Front-End Architecture Lessons from a $1.7 Billion GenAI Startup
Exploring Cresta’s Effective Strategies and Tools in Front-End Development
In this article, we’re going to take a close look at Cresta’s front-end (FE) architecture. We’ll discuss how the main FE repository is structured, explain our build and deployment processes, and describe our approach to code generation.
Link to the article on the company’s website.
Introduction
For the past two years, I have been part of Cresta’s innovative and versatile engineering team. At Cresta, we embrace a collaborative approach, with our team members contributing from various locations worldwide, including San Francisco and Berlin.
Cresta, a Series-C funded company, is at the forefront of transforming call center operations. To gain a deeper insight into our groundbreaking work, I recommend visiting our website. We primarily focus on three core products:
Real-time Agent Assist: This Electron-based application enhances call center agents’ daily workflows.
Insights: Our web application delivers crucial analytics, addressing key questions for call centers and aiding strategic decisions.
Coaching: A web tool designed to empower call center supervisors in optimizing agent performance.
This article will focus on the development practices behind ‘Insights’ and ‘Coaching’. These products share a common codebase and deployment method. Over the last two years, I have contributed to both products and the general health of our codebase. My role has encompassed a diverse range of responsibilities, from developing key features and products to pioneering our automated end-to-end (E2E) testing strategy.

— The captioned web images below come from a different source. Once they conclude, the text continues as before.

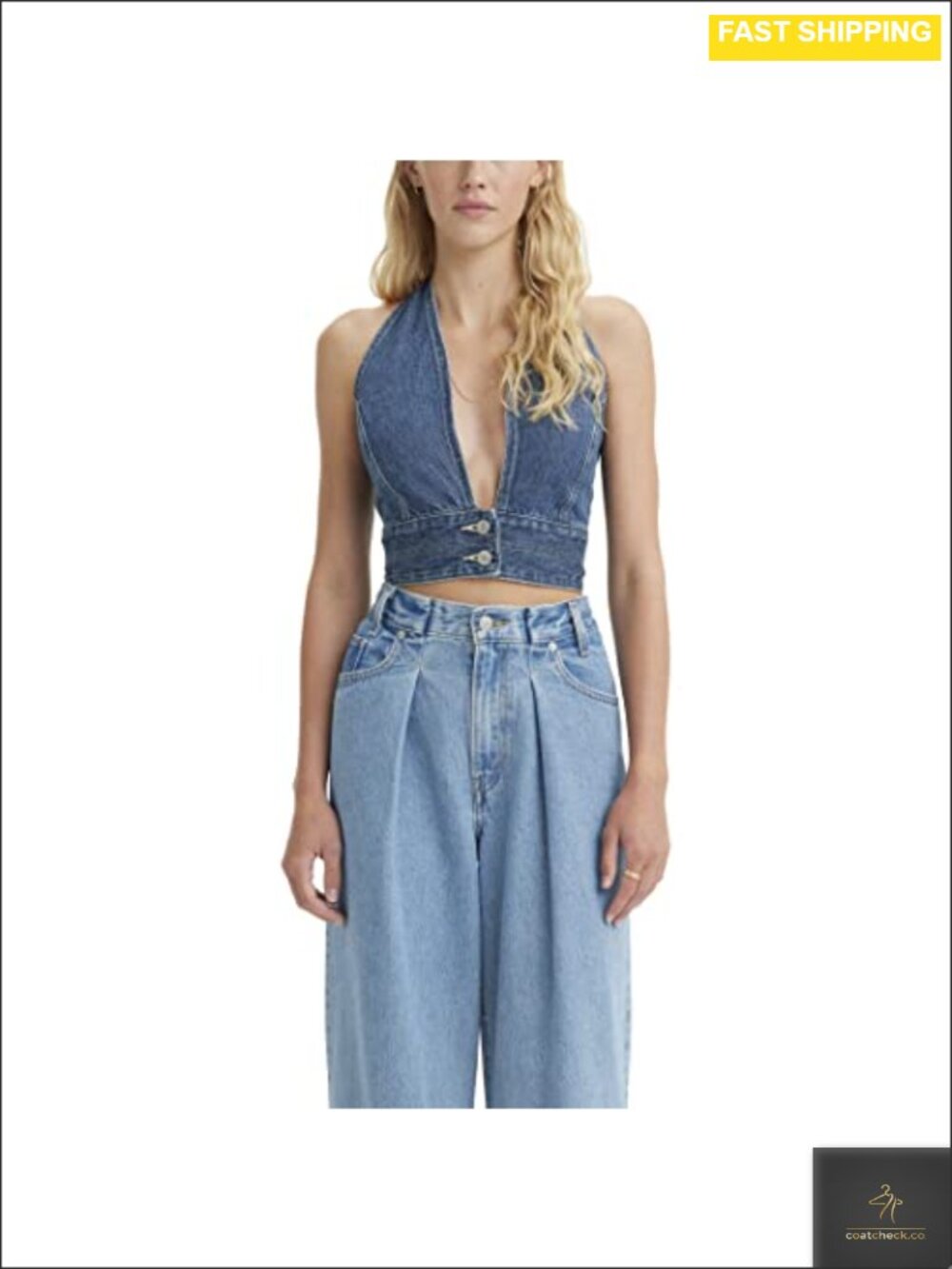 Levi's Denim Halter Crop Top Button Closure Smocked Back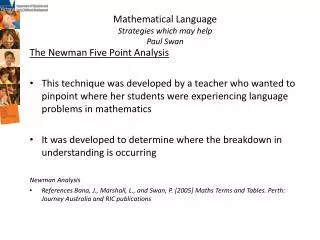 Mathematical Language Strategies which may help Paul Swan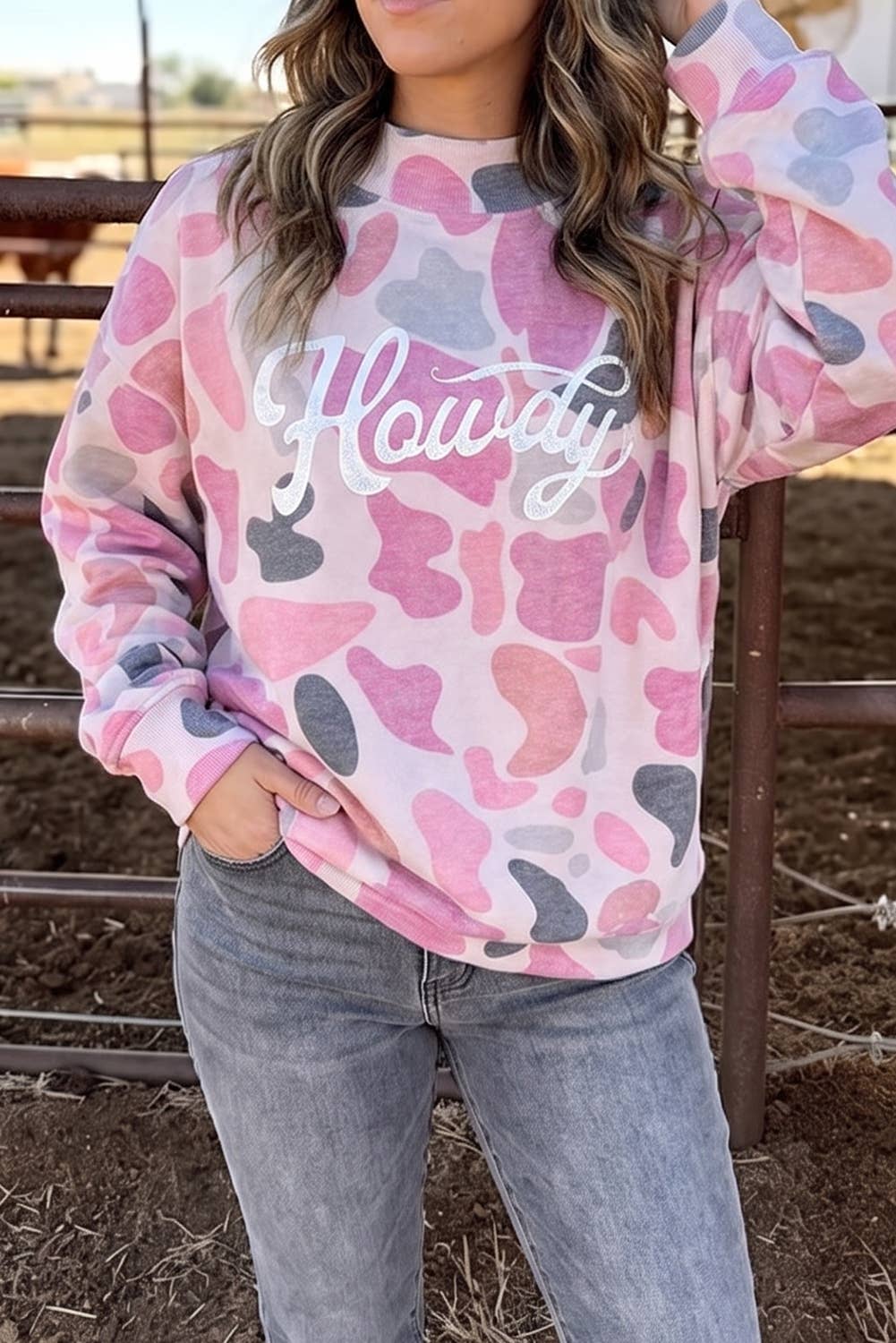 Camo Howdy Western Baggy Pullover Mock Neck Sweatshirt : Multicolour / S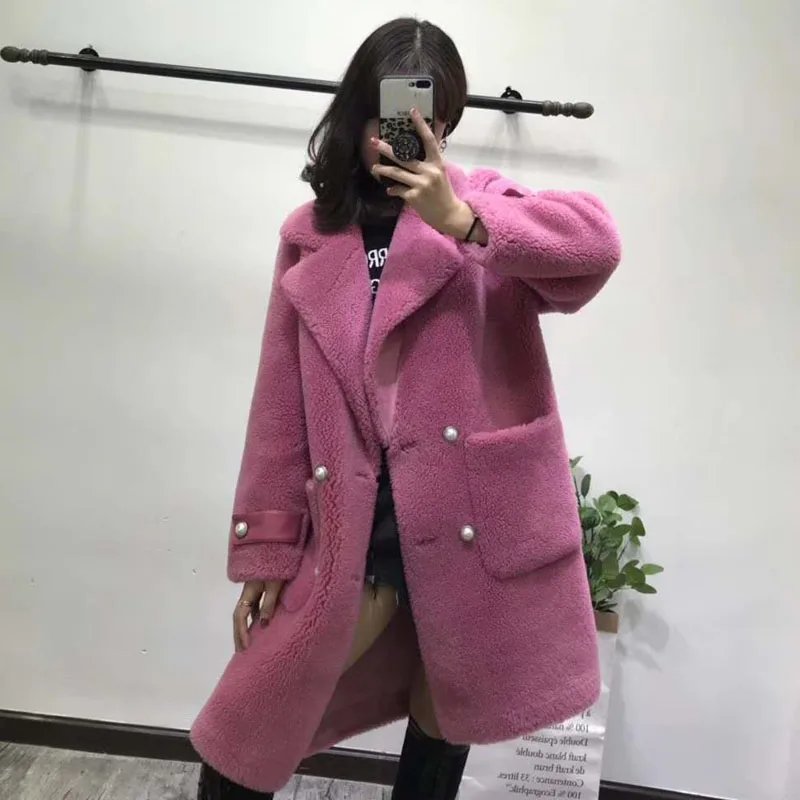 

Long coat sheep fur jacket wool blends 2019 new luxury parka with Pearls winter coat women korean leather jacket plus size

Repository and Development setup
Our ‘Insights’ and ‘Coaching’ web applications live within a unified repository known as “director”. Using React for our front-end development, we’ve structured this codebase as a multi-package repository to leverage modularity and improve maintainability. Our structure includes:
director-app
: this package is the hub of our user interface and experience design, encapsulating all UI/UX aspects for both applications.director-api
: It handles the execution of API requests and serves as translation layer, converting data from API models, into the customized models we use in our front-end. For defining our inter-service APIs and generating TypeScript API definitions, we rely on Google’s Protocol Buffers.

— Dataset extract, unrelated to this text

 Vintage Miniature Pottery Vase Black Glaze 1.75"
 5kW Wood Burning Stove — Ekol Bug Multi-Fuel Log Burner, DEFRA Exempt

Multi-package Repository with Lerna
The top-level architecture of our repository is organized as follows:
/director
├── package.json
├── lerna.json
└── packages/
├── director-app/
│ ├── package.json
│ └── [other files and folders]
└── director-api/
├── package.json
└── [other files and folders]
Each package within our Node.js ecosystem is using TypeScript to ensure type safety and enhance development workflow. Initially coming from 5 different packages we refactored it into these two packages. For managing this multi-package setup, we utilize Lerna, a powerful tool that optimizes the management of multiple packages with shared dependencies within a single repository.

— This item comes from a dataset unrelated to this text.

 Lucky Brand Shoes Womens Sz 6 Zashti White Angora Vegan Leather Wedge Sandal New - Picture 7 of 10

At the heart of our project, the /director/package.json
file plays an important role in orchestrating our development workflow. This file is structured as follows:
{
"name": "director-root",
"version": "1.0.0",
"description": "Root package.json for Director development",
"scripts": {
"bootstrap": "yarn install",
"clean": "lerna run clean && rimraf node_modules/.cache",
"tsc": "lerna run tsc"
...
},
...
}
Running any lerna
command in /director
will trigger the requested action in the different packages.
Goodbye Babel! Hello Vite and SWC
Our development speed has seen a significant boost since we switched our front-end build tool from Babel to Vite. One of the key benefits of Vite is its ‘Instant Server Start’, which allows our dev server to launch immediately. This change has also reduced our build time dramatically, from 5 minutes down to just 40 seconds. To better understand the distribution of memory space across modules, we use the rollup-plugin-visualizer
for visualizing our final build.
In addition, replacing Babel with SWC for our Jest test suite has improved efficiency. Test run times have been cut from over 5 minutes to 40 seconds, enhancing our overall testing process.
Key Building Blocks for Director
Component Library: We chose
Mantine
for its user-friendly interface and supportive community on Discord.Charting Library: Highcharts is our go-to for most charting needs, proving it’s worth through the simplicity to use. However, for complex charts Highcharts is not enough. Here, we turned to D3, which offers flexibility and power.
Table component: TanStack Table is our choice for table implementations. By wrapping it in our own component, we’ve added default styles and functionalities such as pagination.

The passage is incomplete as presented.